(RECORDS SUPPLIED Opens)

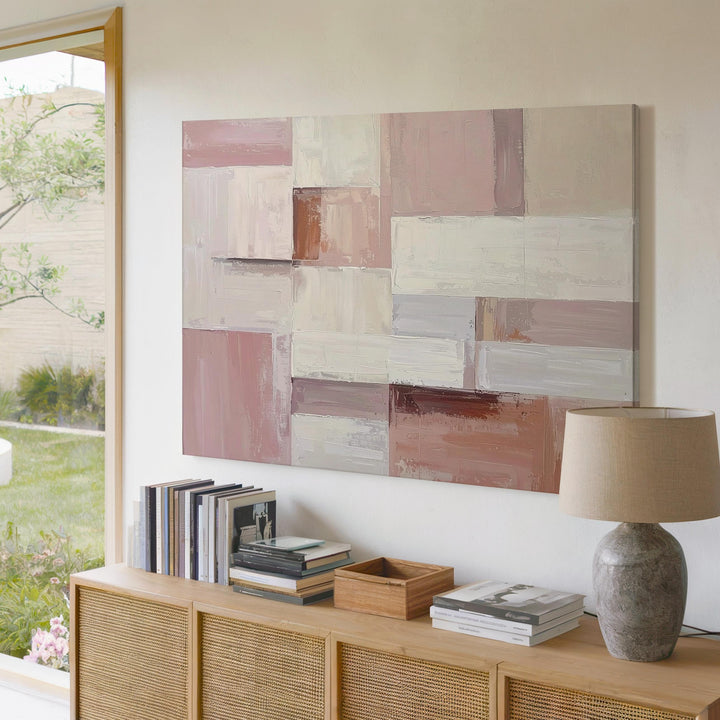 Tonal Minimalism Canvas – Abstract Rectangular Art in Blush Pink, Cream, and Soft White - Gifitto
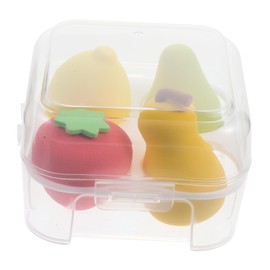 Healeved 4pcs Creative Makeup Sponges for Women Dual-use Powder Applicators Lemon Strawberry Avocado Pear Shapes with Storage Case for Easy Cleaning and Portability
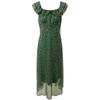 Floral Ruffle Square Neck A-Line Chiffon Long Dress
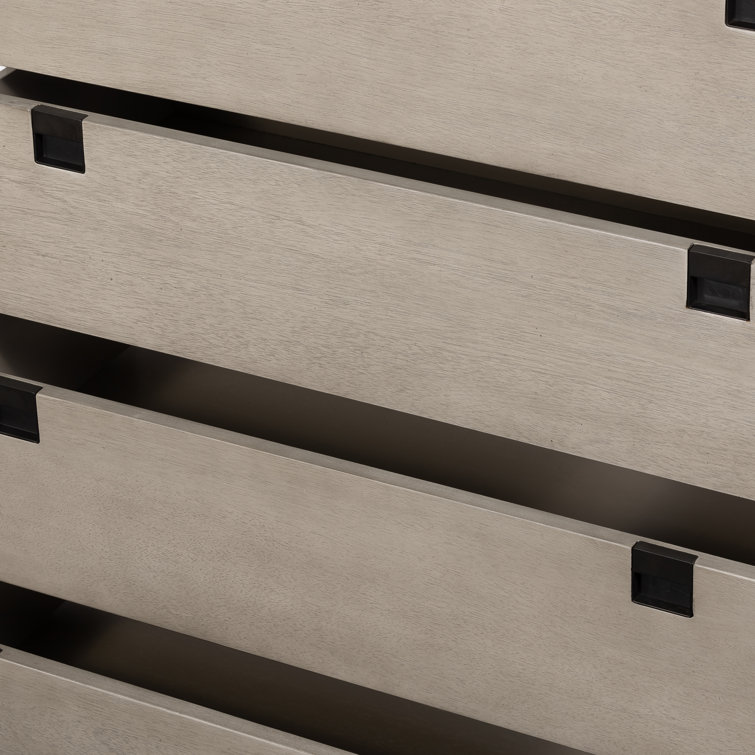 Modern Gray Acacia Veneer 5-Drawer Dresser with Iron Legs
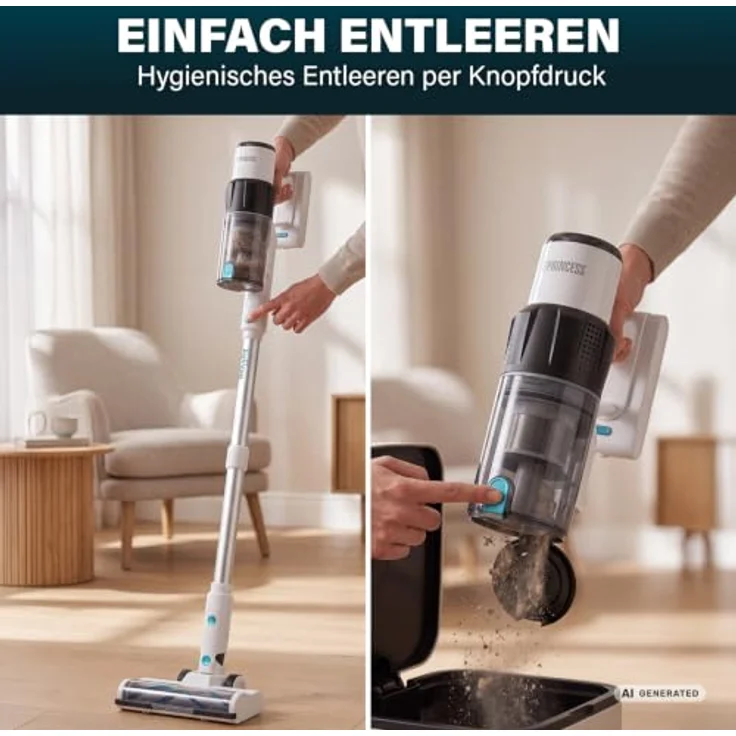 Princess Akku Staubsauger 339520, 150 AirWatt, Bis zu 50 Minuten Laufzeit, Weiß – Bild 10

(RECORDS SUPPLIED Closes)

TASK PROMPT.
Only the wording of the records is wanted: copy it all exactly and omit the pictures.

OUTPUT FOR THIS TASK.
 Tonal Minimalism Canvas – Abstract Rectangular Art in Blush Pink, Cream, and Soft White - Gifitto
 Healeved 4pcs Creative Makeup Sponges for Women Dual-use Powder Applicators Lemon Strawberry Avocado Pear Shapes with Storage Case for Easy Cleaning and Portability
 Floral Ruffle Square Neck A-Line Chiffon Long Dress
 Modern Gray Acacia Veneer 5-Drawer Dresser with Iron Legs
 Princess Akku Staubsauger 339520, 150 AirWatt, Bis zu 50 Minuten Laufzeit, Weiß – Bild 10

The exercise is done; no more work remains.